#### [Brief descriptive captions]
-- Opening Marker --
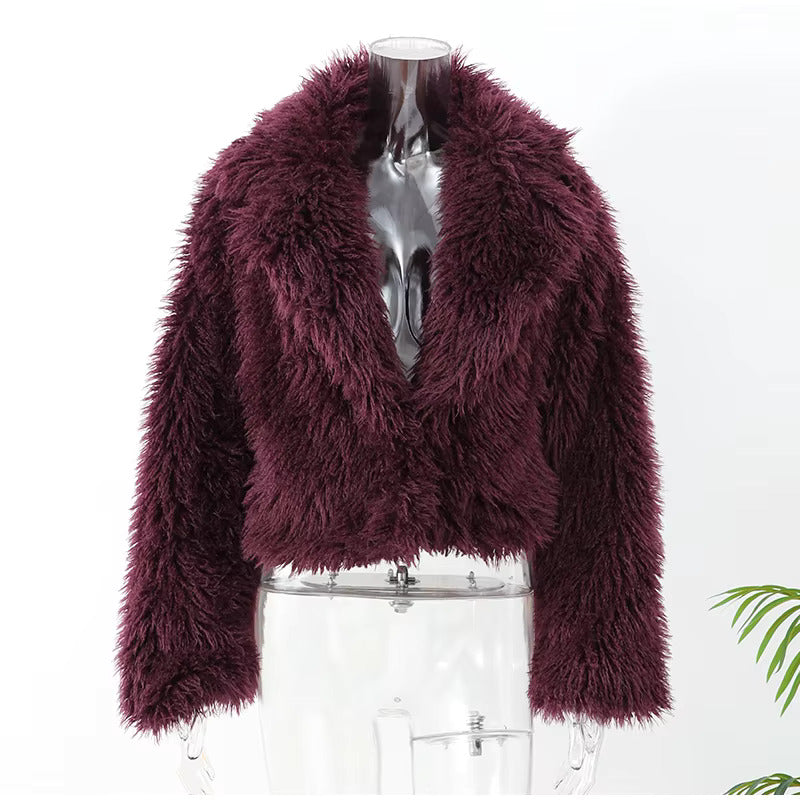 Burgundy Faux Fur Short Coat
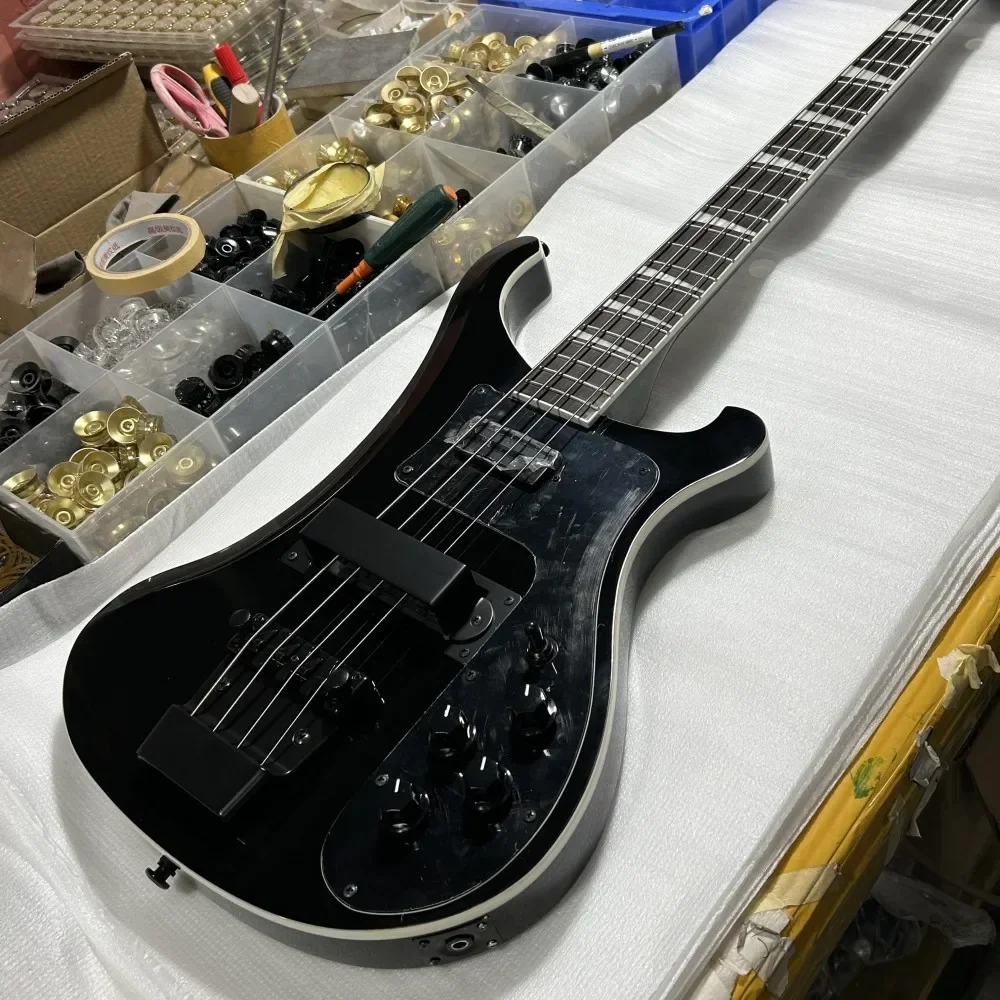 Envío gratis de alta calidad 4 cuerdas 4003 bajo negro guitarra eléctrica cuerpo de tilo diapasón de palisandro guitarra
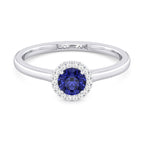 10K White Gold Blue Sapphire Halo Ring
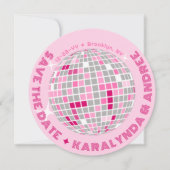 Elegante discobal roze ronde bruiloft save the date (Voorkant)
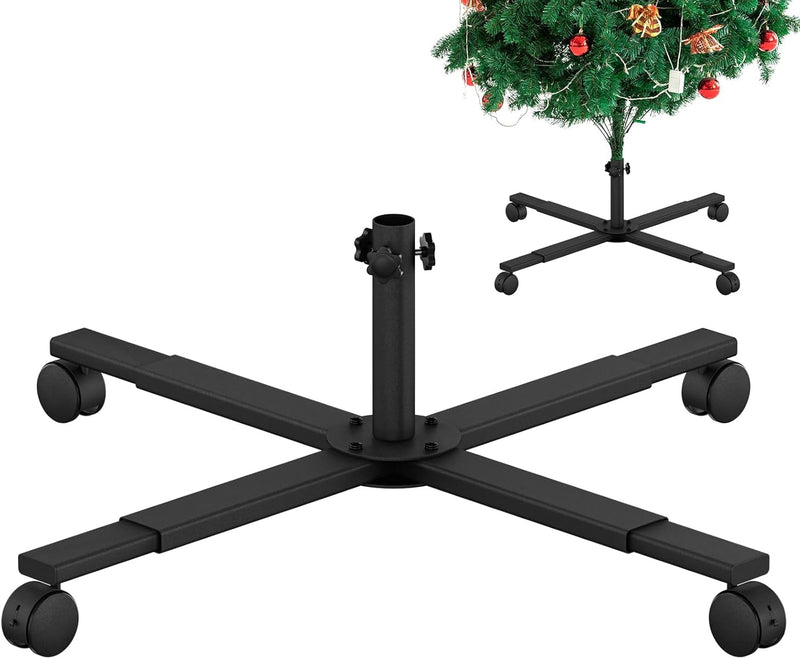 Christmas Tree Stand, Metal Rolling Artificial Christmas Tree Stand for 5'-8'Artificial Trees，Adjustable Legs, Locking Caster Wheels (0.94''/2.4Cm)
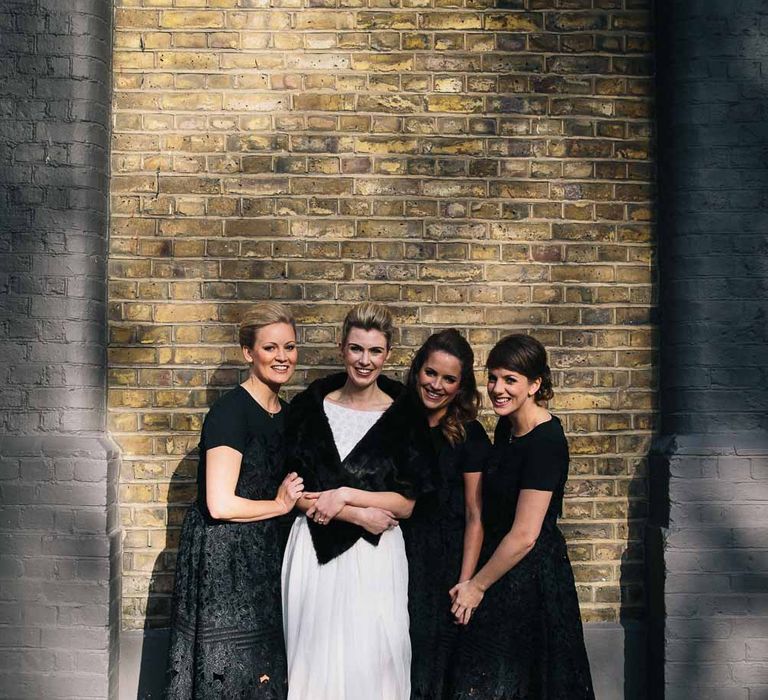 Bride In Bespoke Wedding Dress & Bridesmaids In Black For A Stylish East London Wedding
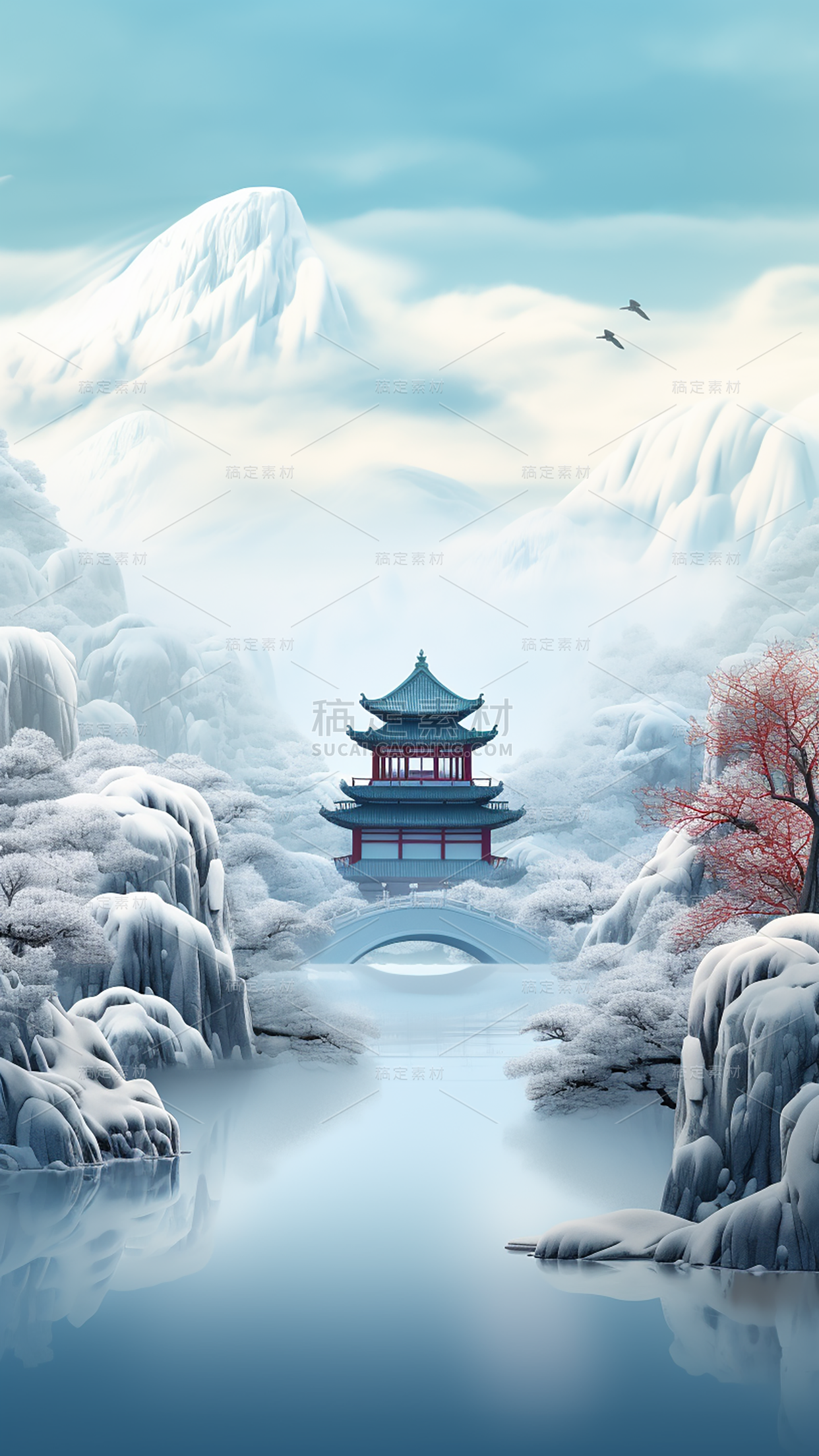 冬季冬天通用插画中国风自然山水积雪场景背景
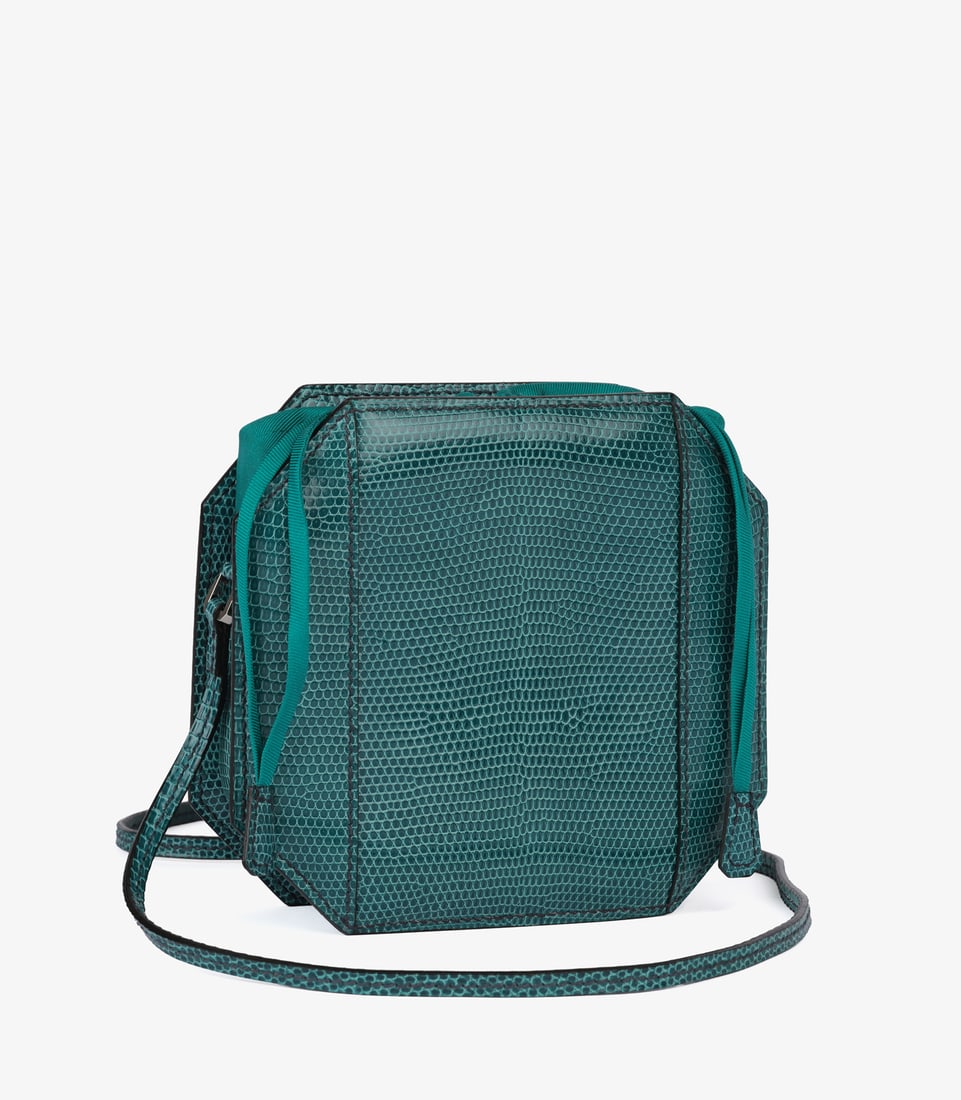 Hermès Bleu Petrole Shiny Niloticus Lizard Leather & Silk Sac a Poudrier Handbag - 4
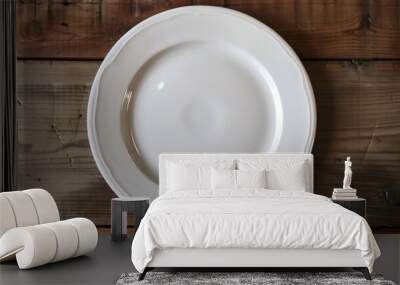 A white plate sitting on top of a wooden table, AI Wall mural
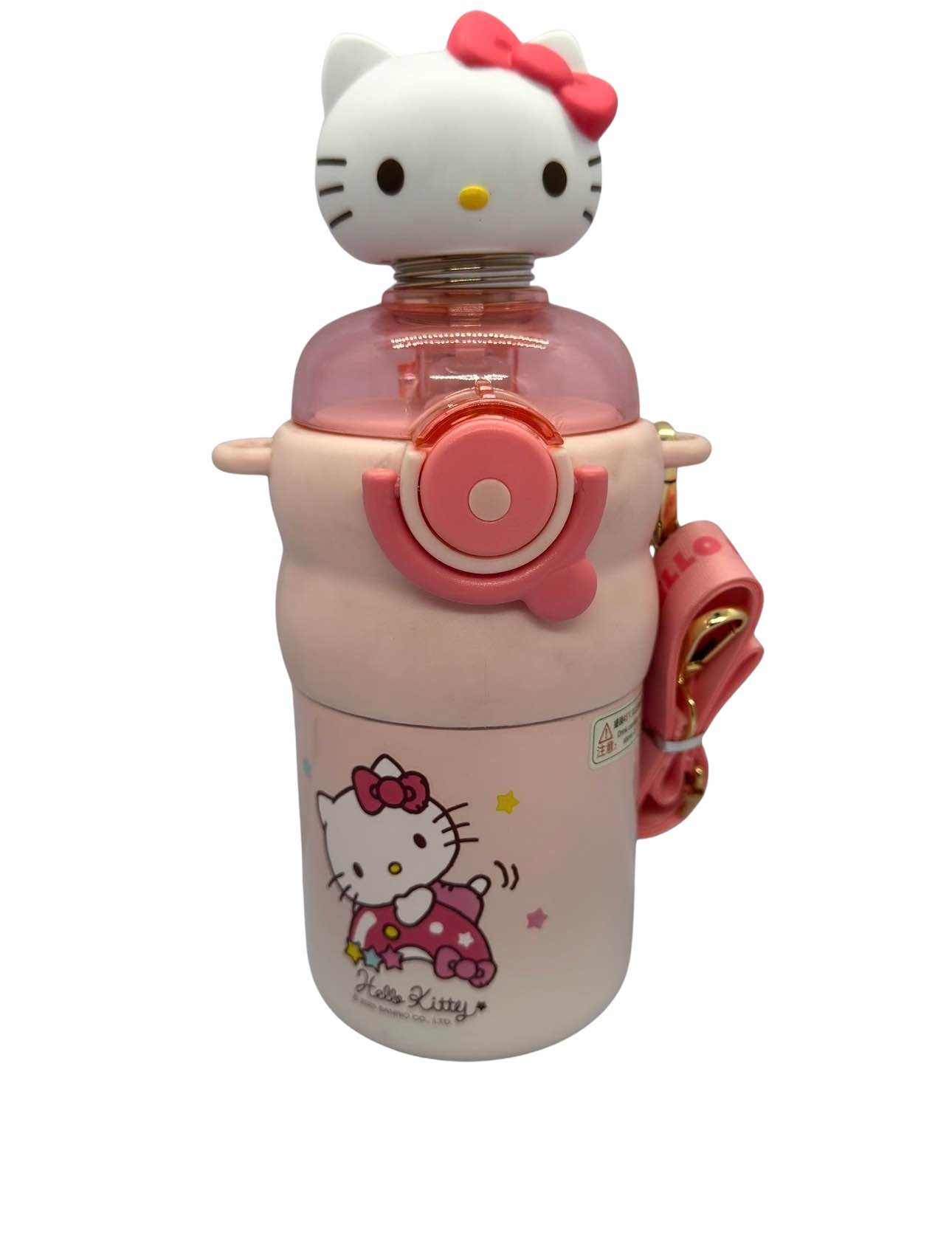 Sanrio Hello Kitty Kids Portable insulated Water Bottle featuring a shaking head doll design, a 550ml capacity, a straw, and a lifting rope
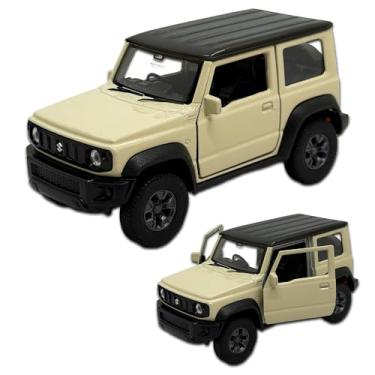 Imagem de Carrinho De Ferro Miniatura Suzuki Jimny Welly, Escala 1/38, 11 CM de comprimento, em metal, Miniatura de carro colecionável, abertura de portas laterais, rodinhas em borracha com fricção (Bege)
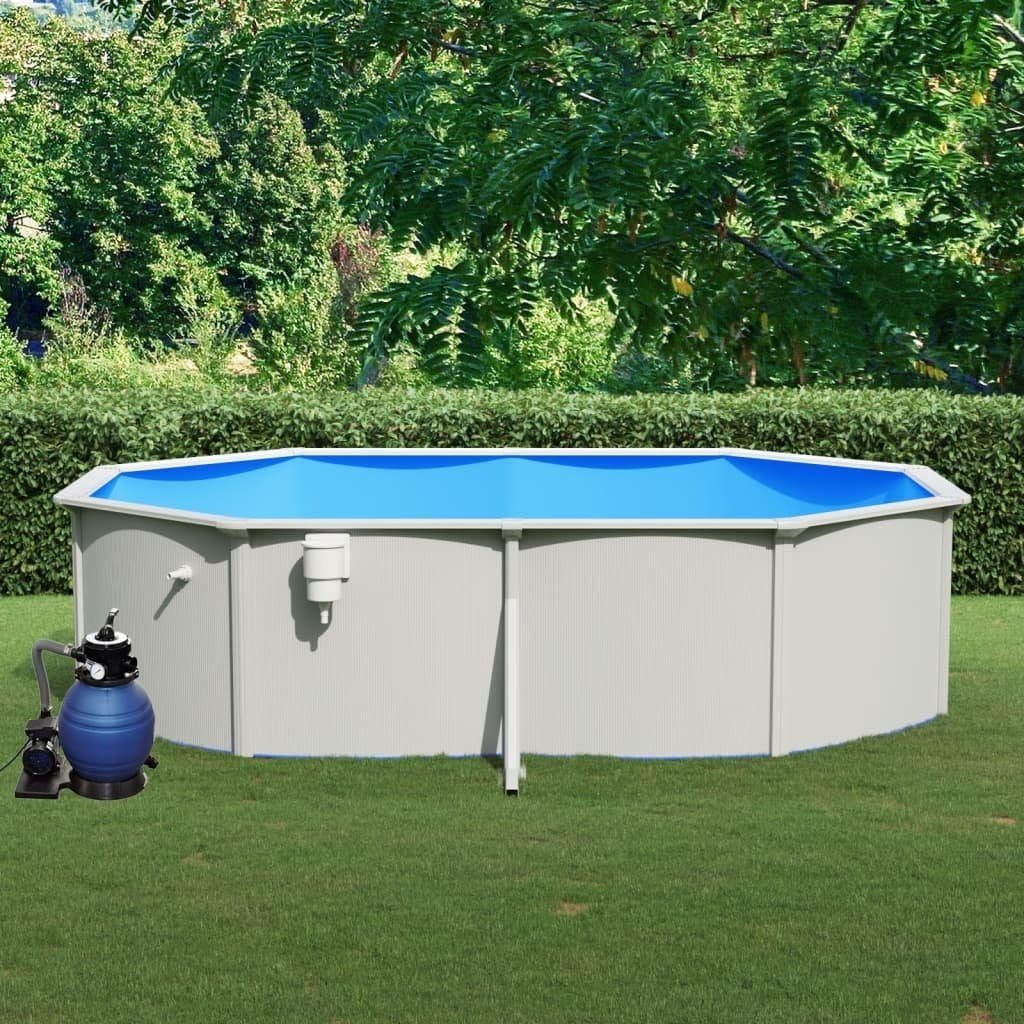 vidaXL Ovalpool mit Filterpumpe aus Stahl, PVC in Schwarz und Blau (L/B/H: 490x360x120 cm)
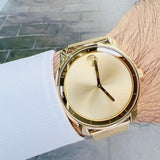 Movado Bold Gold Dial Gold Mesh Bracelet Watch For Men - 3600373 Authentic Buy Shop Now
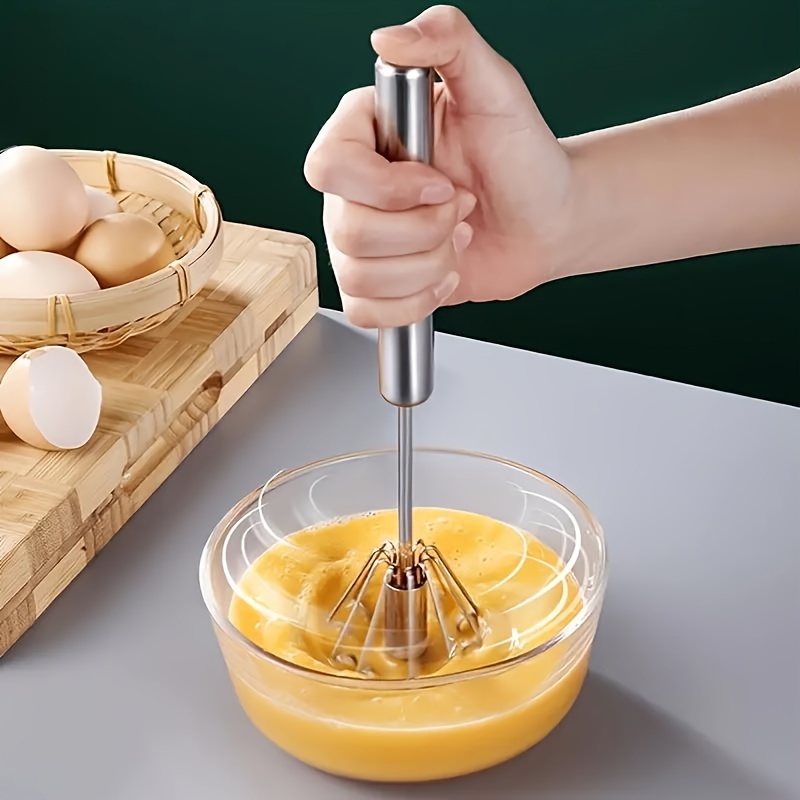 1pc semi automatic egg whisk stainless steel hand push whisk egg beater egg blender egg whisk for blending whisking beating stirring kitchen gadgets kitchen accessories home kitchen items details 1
-- Closing Marker --
#### [WHAT TO WORK ON]
All that is needed is an exact copy of the lines from the top of the entries through the line containing "Elegante discobal roze", pictures left out.

#### [RESULT]
 Burgundy Faux Fur Short Coat
 Envío gratis de alta calidad 4 cuerdas 4003 bajo negro guitarra eléctrica cuerpo de tilo diapasón de palisandro guitarra
 10K White Gold Blue Sapphire Halo Ring
 Elegante discobal roze ronde bruiloft save the date (Voorkant)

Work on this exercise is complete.